O acordo sinaliza uma trégua na turbulenta relação entre Musk e o mercado publicitário. Mais do que uma simples resolução judicial, o movimento expõe a complexa interdependência entre plataformas que pregam a liberdade de expressão irrestrita e as marcas que precisam, acima de tudo, proteger sua reputação. A paz selada nos tribunais não apaga a tensão fundamental entre esses dois mundos.
A Guerra pela Segurança da Marca
No centro da disputa estava a Global Alliance for Responsible Media (GARM), uma iniciativa da WFA para criar padrões de “brand safety” e evitar que anúncios fossem veiculados ao lado de conteúdo nocivo. A existência de tal grupo era um anátema para a visão de Musk, que flexibilizou as políticas de moderação do antigo Twitter em nome da liberdade de expressão, gerando preocupação em anunciantes como Mars, Shell e Lego.
A ofensiva judicial do X foi uma aposta de alto risco para forçar o alinhamento do mercado. A estratégia, contudo, não prosperou: em março, um tribunal federal americano já havia rejeitado a ação, argumentando que a plataforma não conseguiu comprovar prejuízos sob a lei de concorrência. O acordo, portanto, soa menos como uma vitória e mais como um recuo pragmático, um reconhecimento de que a guerra nos tribunais estava perdida.

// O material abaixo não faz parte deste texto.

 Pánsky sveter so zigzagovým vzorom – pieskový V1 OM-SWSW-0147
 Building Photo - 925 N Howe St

Uma Trégua, Não Uma Aliança
O comunicado conjunto é uma peça de diplomacia corporativa. A WFA reafirma seu compromisso com a liberdade de expressão e, crucialmente, declara que encerrou a GARM em agosto de 2024, comprometendo-se a não recriar uma iniciativa similar. É uma concessão importante a Musk, mas que não garante o retorno automático dos orçamentos publicitários. As decisões de investimento continuam descentralizadas, guiadas pelo apetite de risco de cada marca.

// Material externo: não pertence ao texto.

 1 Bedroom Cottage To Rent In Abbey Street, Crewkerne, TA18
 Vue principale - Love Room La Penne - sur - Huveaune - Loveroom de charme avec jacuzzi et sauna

Este episódio serve como um estudo de caso sobre os limites do poder de uma plataforma, mesmo sob o comando de uma figura como Elon Musk. Sua célebre resposta de “go f*** yourself” aos anunciantes que deixaram o X revelou a frustração, mas o capital seguiu sua própria lógica. O acordo é um ato de realpolitik: o X precisa da receita para sobreviver, e as marcas ainda veem valor no alcance da plataforma, por mais volátil que ela seja.
A paz foi selada, mas a confiança é uma batalha que se desenrola longe dos advogados. O acordo encerra as hostilidades legais, mas o conflito de interesses fundamental entre a ideologia da plataforma e a aversão a risco dos anunciantes permanece intacto. A questão que fica é por quanto tempo a trégua se sustentará.